** Opening Source information block **

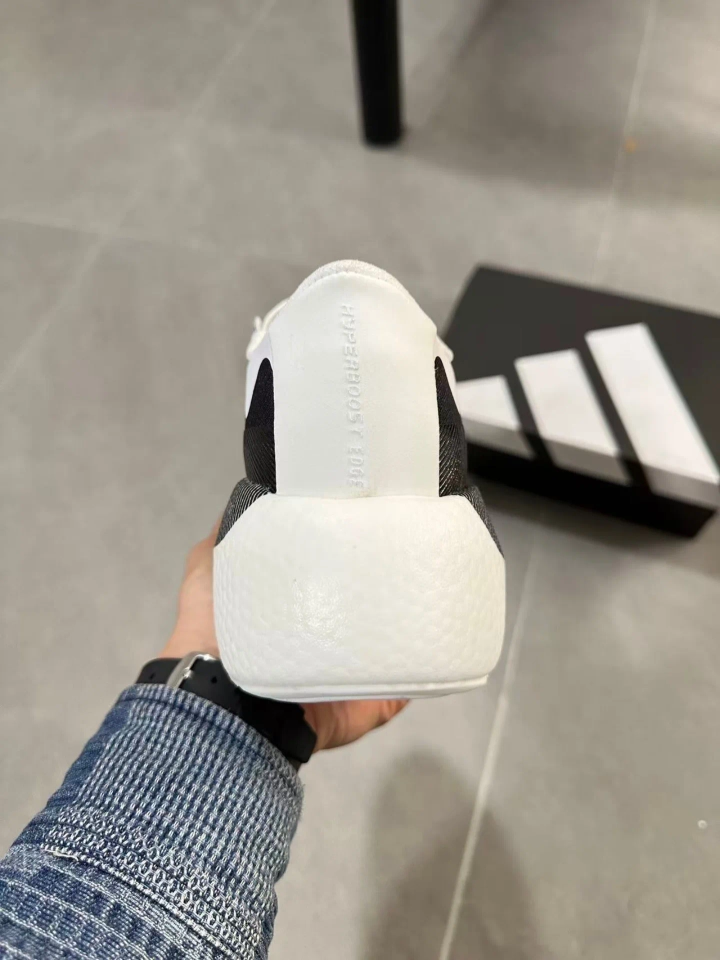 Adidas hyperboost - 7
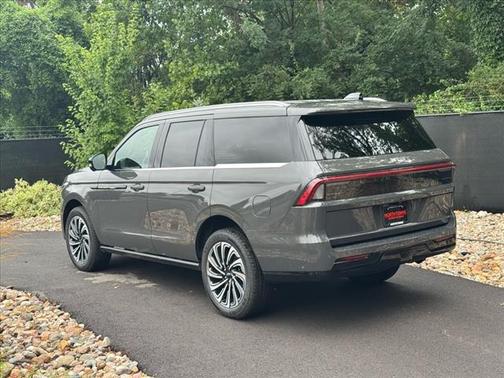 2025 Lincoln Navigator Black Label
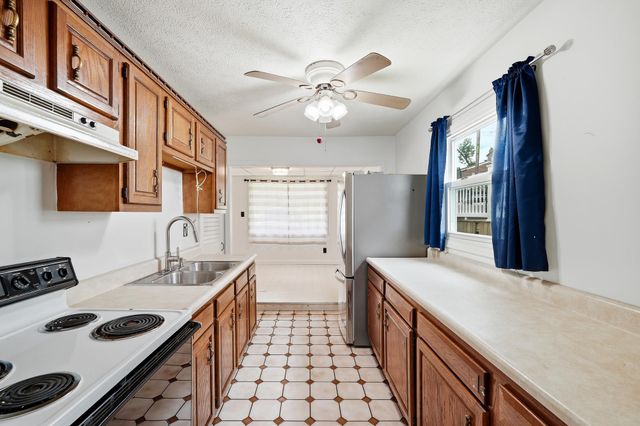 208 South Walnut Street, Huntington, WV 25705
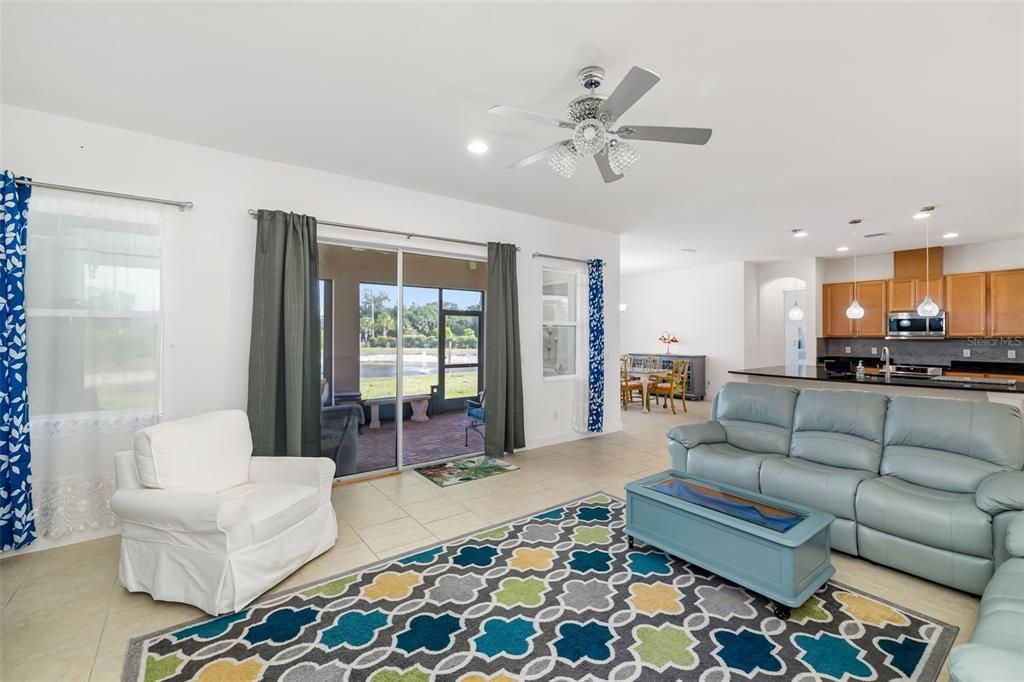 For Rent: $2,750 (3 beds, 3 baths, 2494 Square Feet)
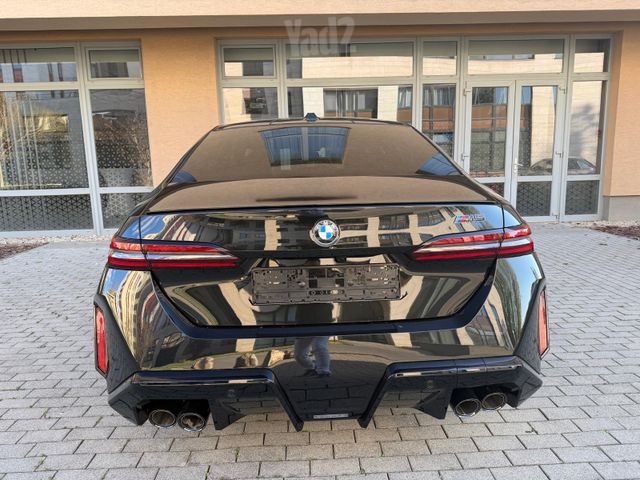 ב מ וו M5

** Closing Source information block **
** Opening Source information block **

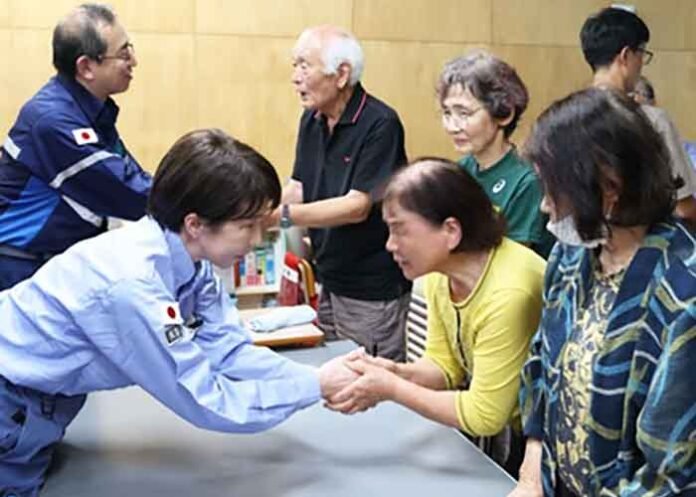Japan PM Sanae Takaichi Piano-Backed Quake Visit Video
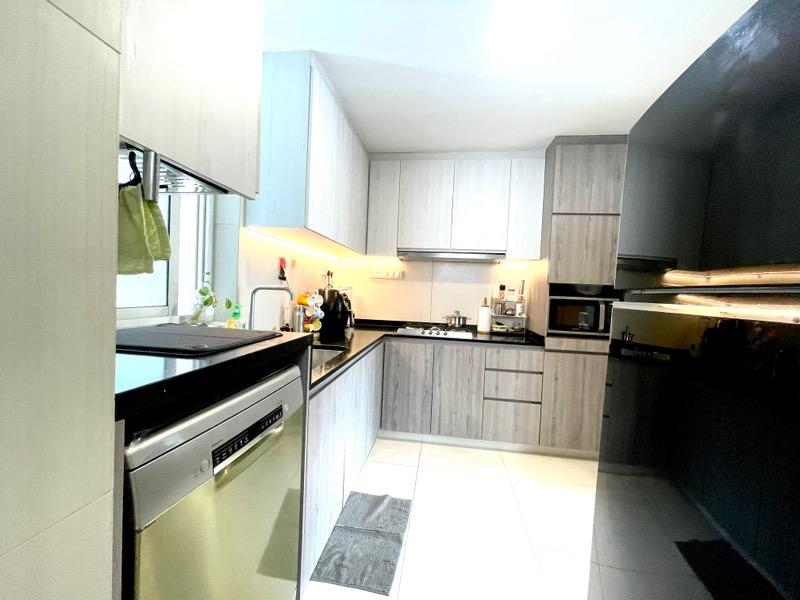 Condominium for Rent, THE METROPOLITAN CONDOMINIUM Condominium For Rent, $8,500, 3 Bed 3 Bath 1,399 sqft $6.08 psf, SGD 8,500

** Closing Source information block **

*Task*: Because only one stretch of the records is wanted, please output the lines from the one holding "Japan PM Sanae" through the one holding "Condominium for Rent, THE" exactly, both included, and leave every picture out.

*Answer space*:
Japan PM Sanae Takaichi Piano-Backed Quake Visit Video
 Condominium for Rent, THE METROPOLITAN CONDOMINIUM Condominium For Rent, $8,500, 3 Bed 3 Bath 1,399 sqft $6.08 psf, SGD 8,500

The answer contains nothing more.